ABOUT THIS EXERCISE:
For the string "lawn", search the entries below and copy every line where it appears.

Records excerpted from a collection
====
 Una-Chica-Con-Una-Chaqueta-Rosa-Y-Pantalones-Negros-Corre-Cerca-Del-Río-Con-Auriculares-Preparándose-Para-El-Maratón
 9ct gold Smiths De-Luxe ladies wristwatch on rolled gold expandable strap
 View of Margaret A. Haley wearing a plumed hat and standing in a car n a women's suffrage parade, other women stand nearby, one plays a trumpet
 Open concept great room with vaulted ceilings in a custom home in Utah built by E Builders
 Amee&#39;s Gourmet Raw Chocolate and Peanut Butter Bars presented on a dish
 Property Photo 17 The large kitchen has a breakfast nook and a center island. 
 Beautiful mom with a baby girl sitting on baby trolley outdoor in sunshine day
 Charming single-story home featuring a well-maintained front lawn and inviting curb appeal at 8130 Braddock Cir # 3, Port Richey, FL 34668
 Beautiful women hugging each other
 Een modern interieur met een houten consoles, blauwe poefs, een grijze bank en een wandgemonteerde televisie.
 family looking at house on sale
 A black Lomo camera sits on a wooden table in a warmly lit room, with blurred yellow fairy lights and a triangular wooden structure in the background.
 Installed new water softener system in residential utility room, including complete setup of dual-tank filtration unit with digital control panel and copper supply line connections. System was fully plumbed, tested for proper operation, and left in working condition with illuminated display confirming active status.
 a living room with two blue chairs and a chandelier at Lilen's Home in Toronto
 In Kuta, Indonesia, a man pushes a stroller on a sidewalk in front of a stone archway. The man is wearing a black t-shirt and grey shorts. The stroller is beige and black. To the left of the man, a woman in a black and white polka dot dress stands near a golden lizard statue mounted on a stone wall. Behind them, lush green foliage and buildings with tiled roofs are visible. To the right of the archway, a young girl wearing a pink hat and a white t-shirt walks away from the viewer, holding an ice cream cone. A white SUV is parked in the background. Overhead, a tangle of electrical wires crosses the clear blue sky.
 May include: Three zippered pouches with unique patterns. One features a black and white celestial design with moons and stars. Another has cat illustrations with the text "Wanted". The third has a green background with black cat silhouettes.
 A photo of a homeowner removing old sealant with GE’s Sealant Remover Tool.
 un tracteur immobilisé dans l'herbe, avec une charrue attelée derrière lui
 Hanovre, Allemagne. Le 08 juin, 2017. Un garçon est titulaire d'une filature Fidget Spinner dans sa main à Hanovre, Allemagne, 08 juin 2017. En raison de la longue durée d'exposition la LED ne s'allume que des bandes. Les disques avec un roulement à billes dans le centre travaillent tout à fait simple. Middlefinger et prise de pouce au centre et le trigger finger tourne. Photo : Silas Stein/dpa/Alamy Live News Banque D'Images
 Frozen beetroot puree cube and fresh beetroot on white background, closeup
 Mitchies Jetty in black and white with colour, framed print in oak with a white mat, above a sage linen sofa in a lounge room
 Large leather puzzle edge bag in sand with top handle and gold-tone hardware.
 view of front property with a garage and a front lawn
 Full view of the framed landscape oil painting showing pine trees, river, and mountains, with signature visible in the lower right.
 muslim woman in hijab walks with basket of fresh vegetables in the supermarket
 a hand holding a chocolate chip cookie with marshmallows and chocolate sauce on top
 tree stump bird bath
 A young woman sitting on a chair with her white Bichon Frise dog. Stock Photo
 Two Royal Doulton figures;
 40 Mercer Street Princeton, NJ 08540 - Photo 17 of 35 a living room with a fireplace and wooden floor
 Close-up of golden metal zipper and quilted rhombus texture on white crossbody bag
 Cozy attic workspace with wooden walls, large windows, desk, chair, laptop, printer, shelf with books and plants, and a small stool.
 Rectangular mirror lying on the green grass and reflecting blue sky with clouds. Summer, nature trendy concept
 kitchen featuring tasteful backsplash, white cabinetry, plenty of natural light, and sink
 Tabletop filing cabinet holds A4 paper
====
ANSWER FOR THE TASK:
 Charming single-story home featuring a well-maintained front lawn and inviting curb appeal at 8130 Braddock Cir # 3, Port Richey, FL 34668
 view of front property with a garage and a front lawn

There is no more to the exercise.